1786 First performance of the opera "Le nozze di Figaro" ("The marriage of Figaro") on May 1st in Vienna.
1787 Mozart travels to Prague where his "Figaro" finds great recognition. He conducts it there himself for once, gets a commission for an opera and returns to Vienna. His father dies in Salzburg. He is appointed "Imperial Chamber Musician" in the place of the late Christoph Willibald Gluck. On August 29th "Kleine Nachtmusik" is finished. On October 29th Don Giovanni is first produced in Prague.
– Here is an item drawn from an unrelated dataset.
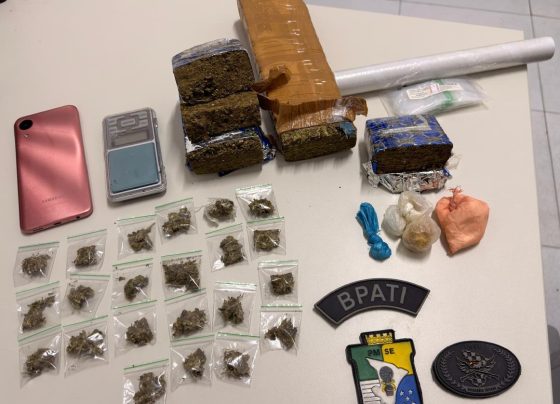 Polícia Militar apreende drogas e prende mulher por tráfico em Muribeca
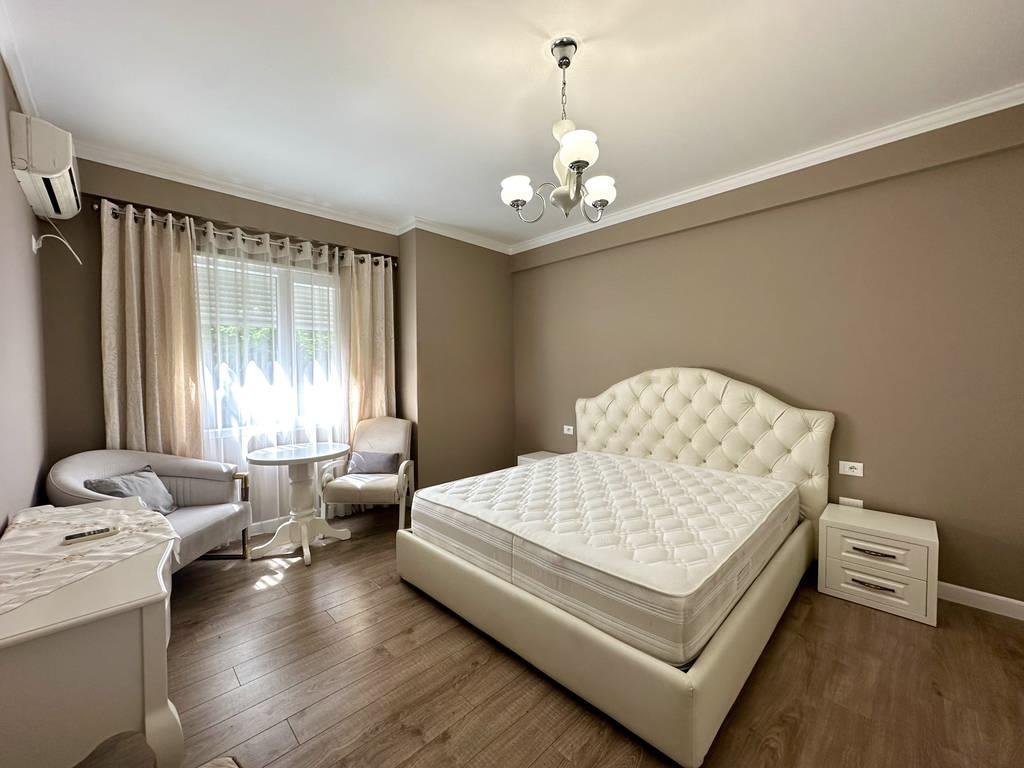 Luxury 3+1+2 Apartment for Rent with Parking – Botanical Garden Area, Tirana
Cf.: Mozart’s life in 1787.

1788 The Viennese first performance of Don Giovanni does not get the same triumphal reception as at Prague. In summer Mozart composes his last three symphonies in just 3 weeks, i.e.: E-flat major, K 543, G minor, K 550 and C major, K 551 (Jupiter Symphony). Mozart’s financial situation deteriorates constantly although his income would be sufficient.
1789 The financial problems of Mozart increase, he writes begging letters to a Lodge brother.
1790 He composes Cosi fan tutte, an opera commissioned by the Emperor. The performances are not very successful and soon disappear from the repertory; this may be partly due to the Emperor’s death. Mozart journeys to the new Emperor’s Coronation at Frankfurt, at his own expense. He gets into closer contact with Emanuel Schikaneder, an actor, singer and theatre manager whom he had known for years.
1791 Schikaneder gives Mozart a commission for a "magic opera" (i.e. "The Magic Flute"). In July he is commissioned to write a Requiem Mass. The patron is Count Franz Walsegg of Stuppach. This is Mozart’s last (unfinished) composition. On September 30th the Magic Flute is produced with great success at Schikaneder’s Theater an der Wien (or Freihaustheater). The success increases from from performance to performance. In the end it is this opera which contributed most of all to Mozart’s world-wide fame. After a few days of severe illness Mozart dies on December 5th. Konstanze was at Baden, taking a cure at the spa. The funeral service at St.Stephen’s on the following day was attended by a few friends only, but nobody accompanied the hearse taking the body to the cemetery of St.Marx. He was interred in a pauper’s grave with a few others and without a tombstone, according to the customs of the time, so that his final resting place can only be guessed. In memory of Mozart’s tomb a statue has been placed at St.Marx cemetery.

1842 Setting up of a Mozart memorial in Salzburg.